**WORK ITEM**
Please repeat the records exactly, keeping the pictures out.

BEGIN RECORDS SUPPLIED

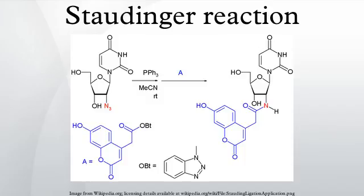The Staudinger ligation has seen many applications in the field of chemical biology. In one application, this reaction is used to create a bond between a nucleoside and a fluorescent marker.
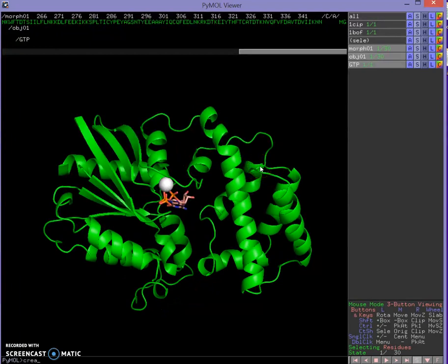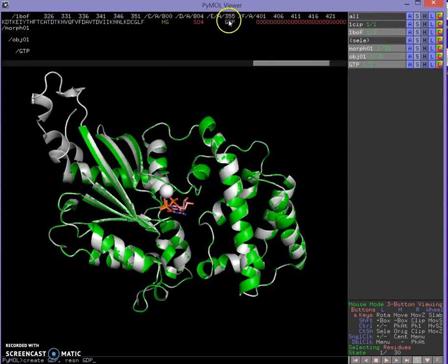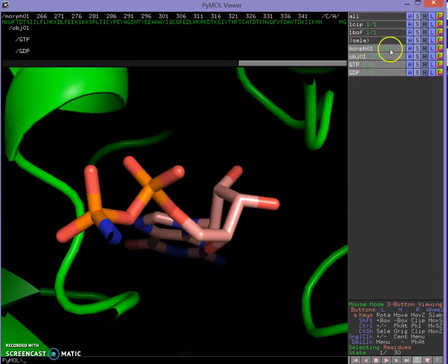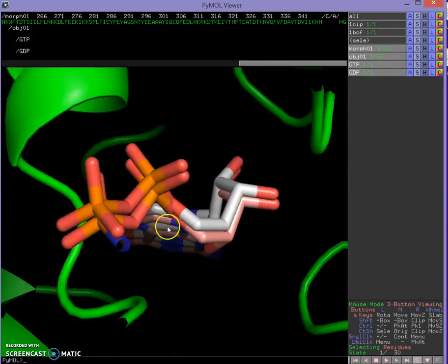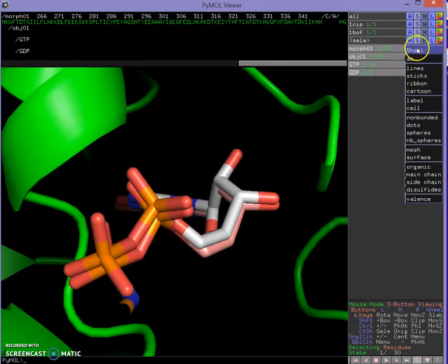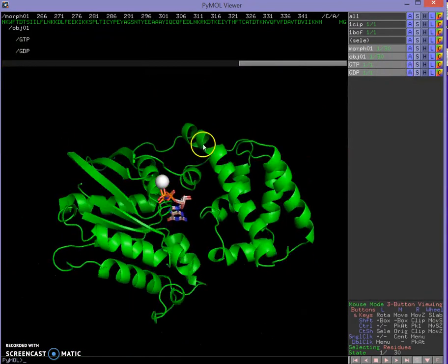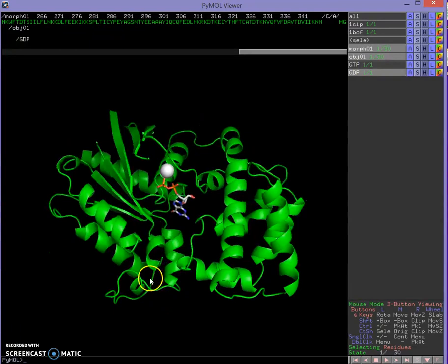Now I'll do the same thing with GDP: 'create GDP, resname GDP'. Looking in our 1BOF, GDP is the ligand there. I'll turn that off. There we go — in the active site we have a new object called GDP, and I'll show that as sticks as well. There's a little bit of change between the two positions, which is okay. I'll orient back on the morph and zoom out. Since I'm starting in the GDP-bound form, I'll turn off GTP.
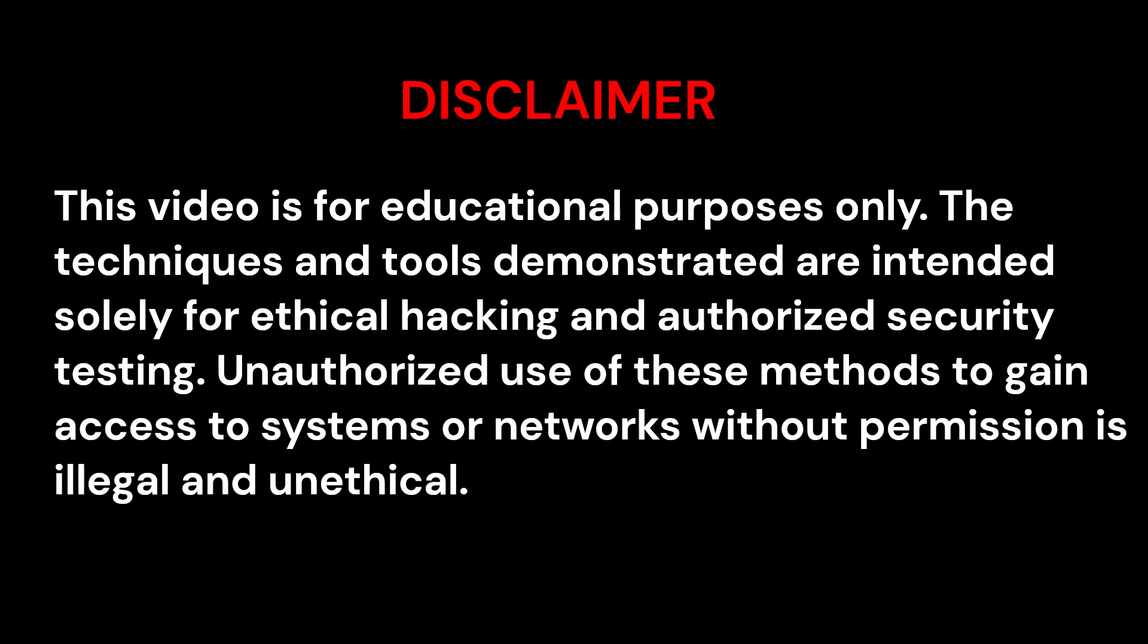This video is for educational purposes only. The techniques and tools demonstrated are intended solely for ethical hacking and authorized security testing. Unauthorized use of these methods to gain access to systems or networks without permission is illegal and unethical. The creator of this video is not responsible for any misuse or damage caused by the information provided.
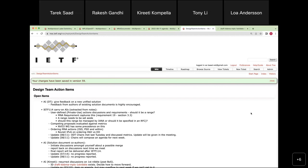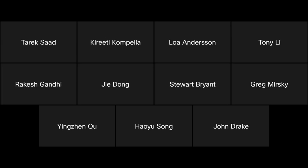The chairs closed the meeting, noting there was enough to think about for next time, and thanked everyone for attending.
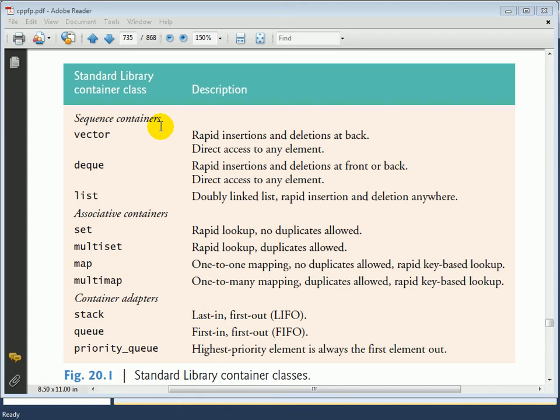Finally, we have what we call the container adapters. The container adapters allow you to view other containers in a restricted manner. For example, I can use a stack data structure, and underneath the hood of a stack could be one of the sequence containers. But because we're viewing it as a stack, we would not be able to use all of the capabilities of the underlying container, since a stack is considered to be a last-in, first-out data structure.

END RECORDS SUPPLIED

**EXERCISE SOLUTION**
The Staudinger ligation has seen many applications in the field of chemical biology. In one application, this reaction is used to create a bond between a nucleoside and a fluorescent marker.
Now I'll do the same thing with GDP: 'create GDP, resname GDP'. Looking in our 1BOF, GDP is the ligand there. I'll turn that off. There we go — in the active site we have a new object called GDP, and I'll show that as sticks as well. There's a little bit of change between the two positions, which is okay. I'll orient back on the morph and zoom out. Since I'm starting in the GDP-bound form, I'll turn off GTP.
This video is for educational purposes only. The techniques and tools demonstrated are intended solely for ethical hacking and authorized security testing. Unauthorized use of these methods to gain access to systems or networks without permission is illegal and unethical. The creator of this video is not responsible for any misuse or damage caused by the information provided.
The chairs closed the meeting, noting there was enough to think about for next time, and thanked everyone for attending.
Finally, we have what we call the container adapters. The container adapters allow you to view other containers in a restricted manner. For example, I can use a stack data structure, and underneath the hood of a stack could be one of the sequence containers. But because we're viewing it as a stack, we would not be able to use all of the capabilities of the underlying container, since a stack is considered to be a last-in, first-out data structure.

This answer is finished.